Record set:
= Beginning of Section =
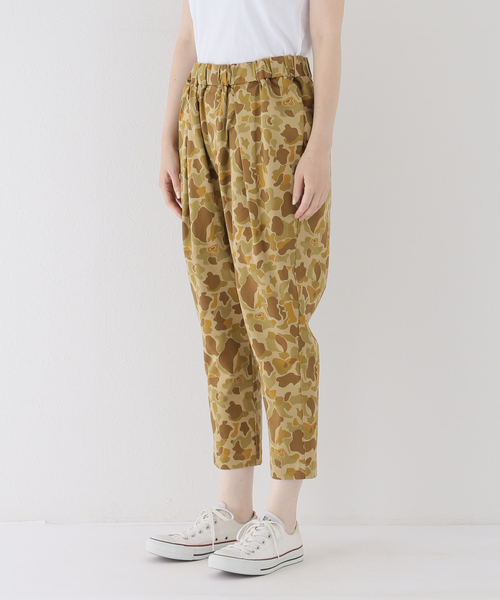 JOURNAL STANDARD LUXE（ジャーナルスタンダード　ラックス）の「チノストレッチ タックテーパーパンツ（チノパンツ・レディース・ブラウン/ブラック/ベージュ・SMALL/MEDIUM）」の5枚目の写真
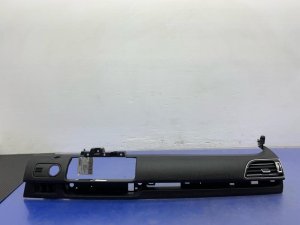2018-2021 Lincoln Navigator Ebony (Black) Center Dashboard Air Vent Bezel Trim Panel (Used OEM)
= End of Section =
= Beginning of Section =
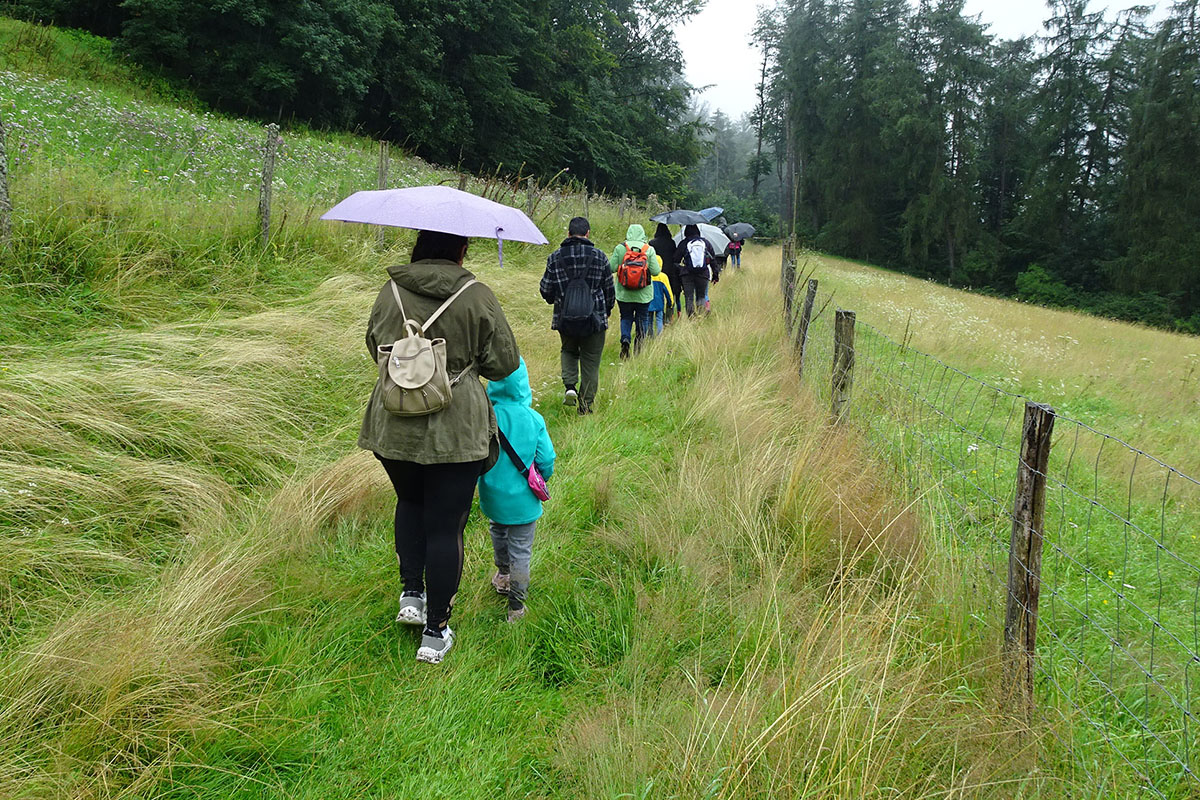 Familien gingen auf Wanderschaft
= End of Section =
About this task:
In the listing above, find the line containing "JOURNAL STANDARD LUXE（ジャーナルスタンダード　ラックス）の「チノストレッチ" and the line containing "2018-2021 Lincoln Navigator", then return both of them and every line between, exactly, without pictures.

Solution:
 JOURNAL STANDARD LUXE（ジャーナルスタンダード　ラックス）の「チノストレッチ タックテーパーパンツ（チノパンツ・レディース・ブラウン/ブラック/ベージュ・SMALL/MEDIUM）」の5枚目の写真
2018-2021 Lincoln Navigator Ebony (Black) Center Dashboard Air Vent Bezel Trim Panel (Used OEM)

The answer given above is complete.